Completed only two years after Kahlo began to paint following a near-fatal bus accident, the artist’s sister is portrayed with a bright palette as a well-dressed bourgeois. Although the painting is easily recognizable as the work of Kahlo, it is a very different image from the artist’s portraits that followed a year after the painting’s completion.
One of the most exciting moments of the evening came when a large-scale oil and collage on panel, “Prueba de Nuevo,” by the Argentinean artist Jorge de la Vega, was brought to the stage. The auctioneer opened with an order bid of $60,000 and another bidder bidding through a Sotheby’s representative on the phone immediately jumped the bid to $130,000. Four additional bidders competed, and the piece finally shattered the artist’s previous record at auction ($10,350) when it sold for $335,750 to a private collector from Argentina.
Hammer attributed the high price for the work to the fact the powerfully expressive canvas was a key example of the work of an artist who was not only a member of Nueva Figuración but also someone who tragically died young.
A magnificent work by Rufino Tamayo, “Serenata a la Luna (Serenade to the Moon)” from 1949, the period thought to be the pinnacle of the artist’s career, sold to a South American private collector for $599,750. The work is a prime example of Tamayo’s mature style, a synthesis of Mexican and pre-Columbian shapes and ideas with the fundamental Cubist elements he discovered during Pablo Picasso’s New York exhibition in 1940.

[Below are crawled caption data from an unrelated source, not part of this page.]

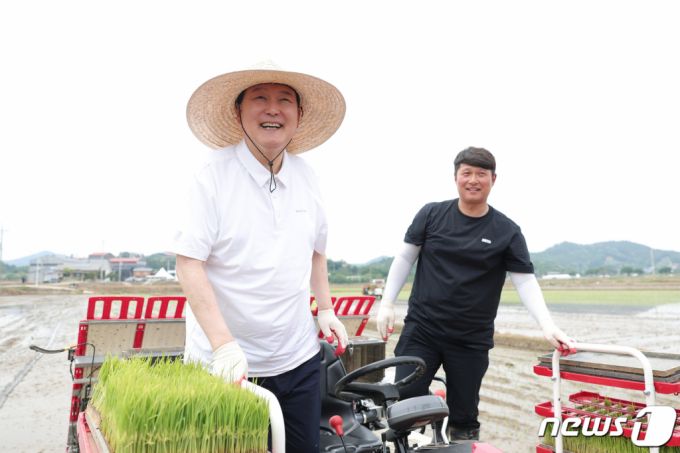(서울=뉴스1) 오대일 기자 = 윤석열 대통령이 7일 충남 부여군 임천면 '꿈에영농조합법인'의 모내기 작업 현장을 방문해 모내기를 체험하며 활짝 웃고 있다. (대통령실 제공) 2023.6.7/뉴스1  Copyright (C) 뉴스1. All rights reserved. 무단 전재 및 재배포 금지.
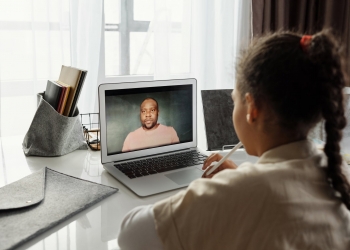 little girl taking online classes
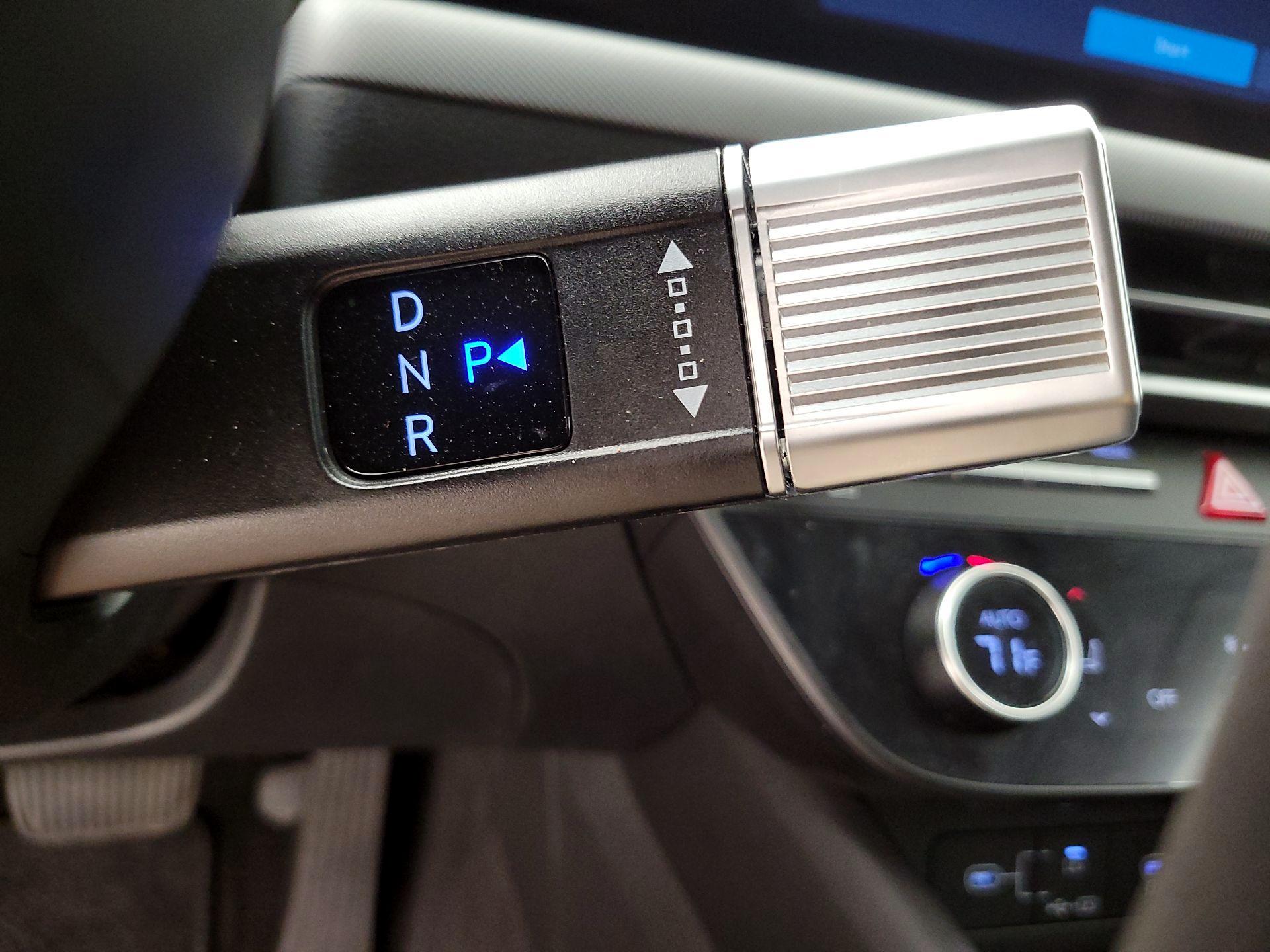 Thumbnail: 2024 Hyundai Sonata - 17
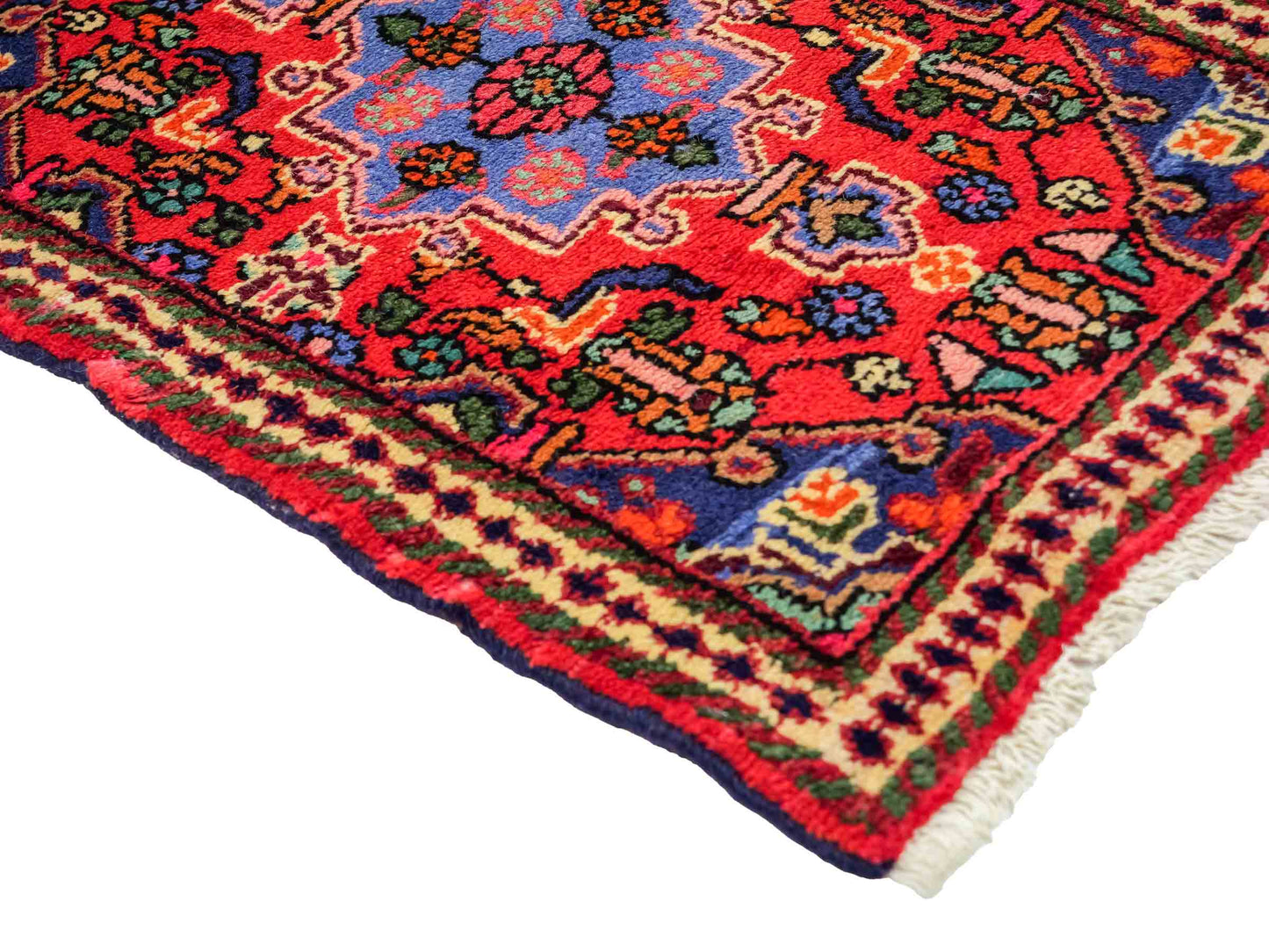 Handgeknüpfter, persischer Hamedan Dorfteppich aus Wolle von Khademi. Größe: 81 x 55 cm. Farbe: Rot. Verkauf durch JUPITER Intl.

Fernando Botero’s charming “Florero” sparked spirited bidding and far surpassed its high estimate of $275,000 to sell for $473,250 to an anonymous bidder on the phone, while his monumental bronze sculpture “Female Torso,” from 1983, brought $418,250, selling to a European private collector.
“Morphology of Desire,” produced in 1938 by the internationally celebrated Chilean artist Matta, during a time when the artist was working in Corbusier’s studio in France, brought $582,850. Also by Matta, an untitled Surrealist crayon on paper image from 1938 fetched $258,750.
An additional artist’s record was set for a work on paper by Rufino Tamayo when a study for his famous watermelon images from the mural “Naturaleza Muerta,” painted in 1954 in Mexico City, sold for $87,000, surpassing the artist’s at-sale record of $77,000.
Manuel Cabré’s “Vista del Valle de Caracas desde el Calvario,” a landscape of Caracas in the 1920s, sold for $148,750, also breaking a record for that artist at auction.
At Christie’s offering of Latin American art on May 30, 70 lots totaled $4,251,525, with 67 percent of offerings sold by lot, 61 percent by dollar.
“In addition to exceptional prices achieved by Rufino Tamayo, Joaquin Torres-Garcia, David Alfaro Siquieros and other masters,” said Ana Sokoloff, head of the firm’s Latin American art department, “twelve auction records were set, including seven for contemporary artists who made their auction debuts.
“It was a lively sale,” she continued, “with bidding in the room and on the phones [from] Latin American, European and US collectors.”
Tamayo’s “Madre feliz,” 1949, was the top lot at $556,000, going to a private collector. In fact, all ten top lots were won by the private sector, including Torres-Garcia’s “Construccion,” 1944, which sold for $446,000; Siquieros’ “Proyecto para el mural sur de la Cd. Universitaria…,” which reached $270,000; and Fernando Botero’s “Familia,” which realized $160,000.